If such evidence exists in case of financial assets available for sale, the total accumulated losses recognized in equity, determined as the difference between the acquisition price and their current fair value less possible impairment losses recognized previously in profit or loss, are excluded from equity and recognized in profit or loss. Impairment losses recognized in profit or loss and relating to equity instruments are not reversed corresponding to profit or loss. The reversal of impairment losses on debt securities is recognized in profit or loss if the fair value increased as a result of subsequent events after the recognition of impairment in the periods following the recognition of the impairment loss.

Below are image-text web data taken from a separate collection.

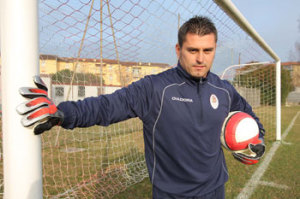 Il portiere Vincenzo Marruocco è uno dei cinque ex della sfida, insieme a Cuoghi, Grassadonia, Enrico Pepe ed Orlando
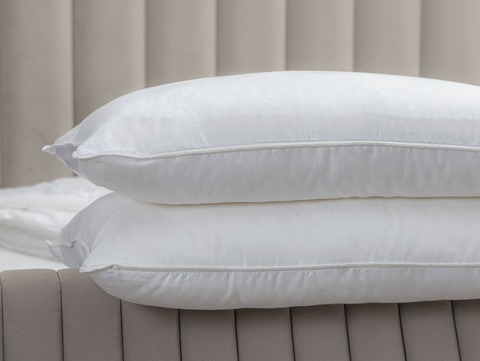 Подушка шелковая средняя 50x70 Luxe Dream Grace Silk GC1001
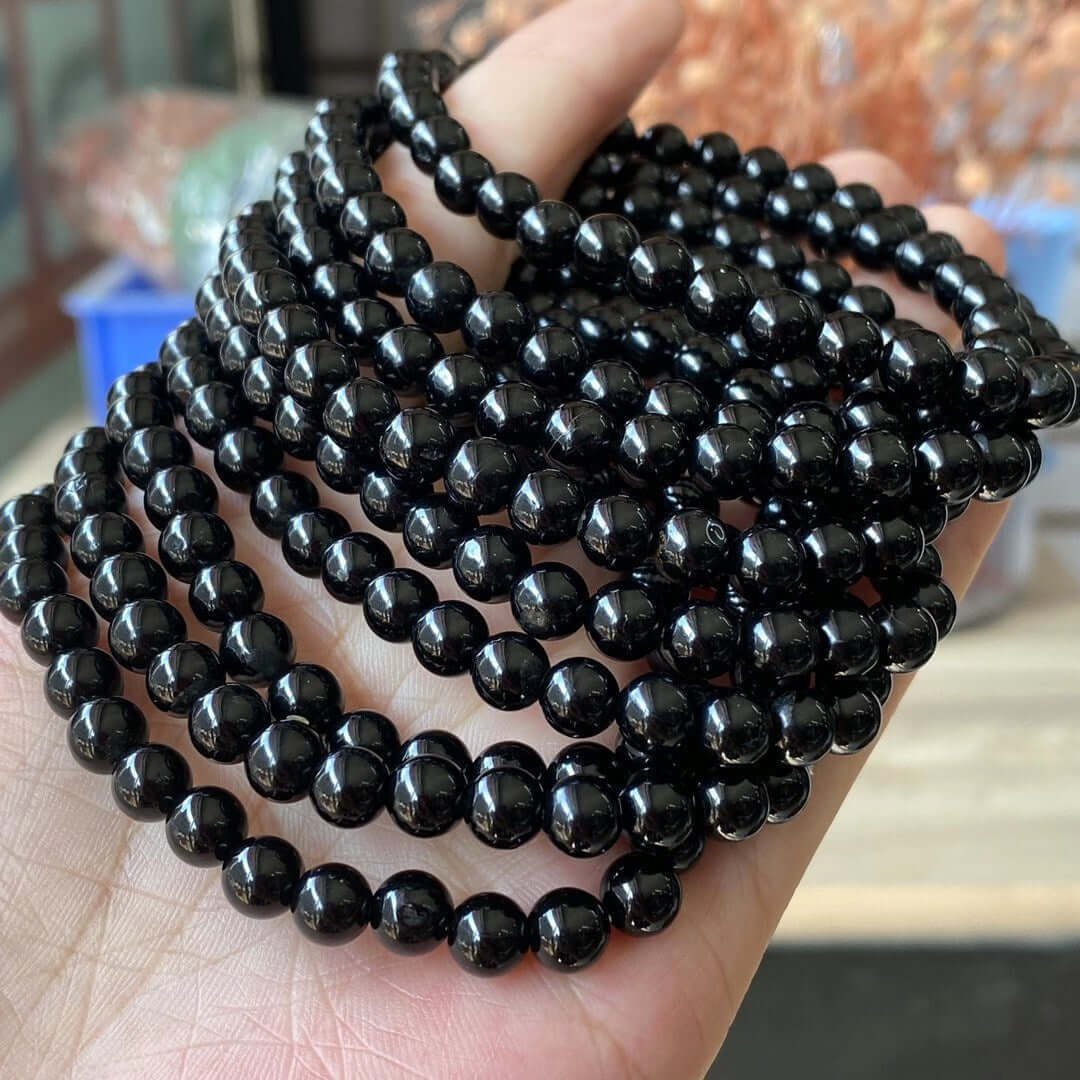 Black Obsidian Bracelet Benefits and Meaning – Real Healing Crystal Jewelry for Protection and Balance.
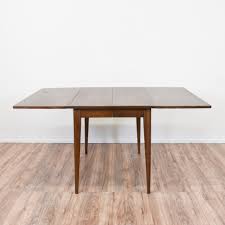 This Mid Century Modern Drop Leaf Table Is Featured In A Solid Wood With A Gorgeous Walnut Finish This Dining Table Dining Table Drop Leaf Dining Table Table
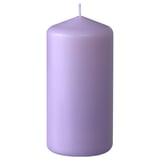 Candela singola a colonna color lavanda di forma cilindrica e finitura liscia, realizzata in paraffina e cera vegetale.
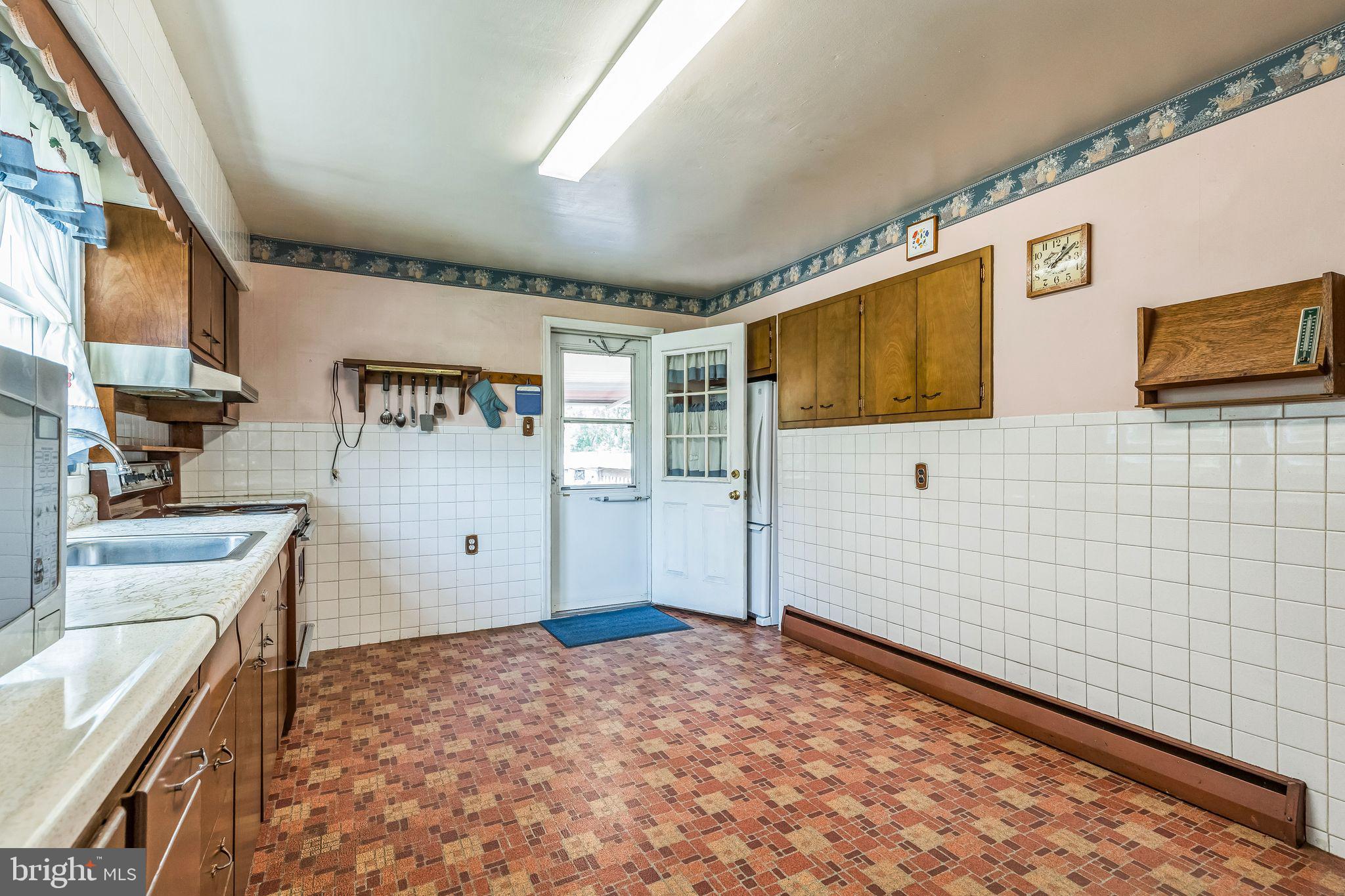 754 CENTRAL AVENUE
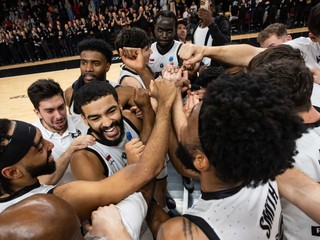 Basketbalisti Prievidze sa tešia z výhry 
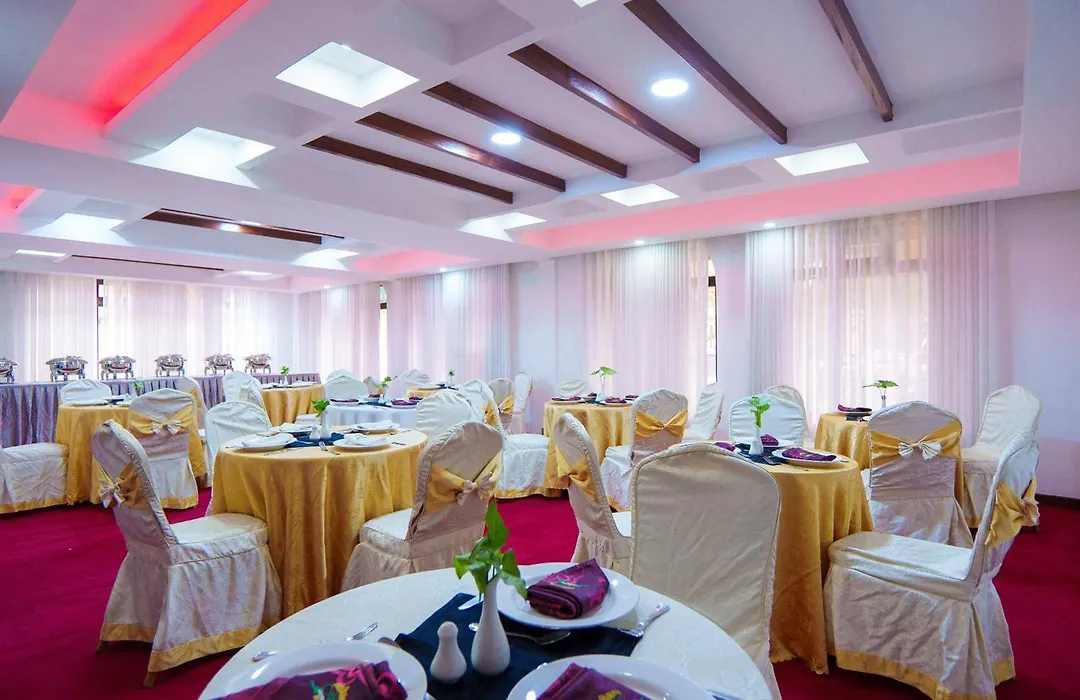 Hennessis Hotel-1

If there are indications of impairment of loans and receivables or investments held to maturity measured at amortized cost, impairment losses are determined as the difference between the carrying amount of the assets and the present value of estimated future cash flows discounted using the original effective interest rate for such assets (i.e. the effective interest rate calculated upon initial recognition for assets based on a fixed interest rate and the effective interest rate determined for the last revaluation of assets based on a floating interest rate). Impairment losses are recognized in profit or loss. Impairment is reversed if in subsequent periods the impairment decreases and the reduction may be attributed to events that occurred after the impairment recognition. As a result of reversal of the impairment, the carrying amount of financial assets should not exceed the amortized cost which would be determined had no impairment loss been recognized. Reversal of impairment losses is recognized in profit or loss.
If there are indications of impairment of unquoted equity instruments measured at acquisition price (as their fair value may not be determined reliably), the amount of the impairment loss is determined as the difference between the carrying amount of the assets and the present value of the estimated future cash flows discounted using the current market rate of return for similar financial assets. Such impairment losses are not reversed.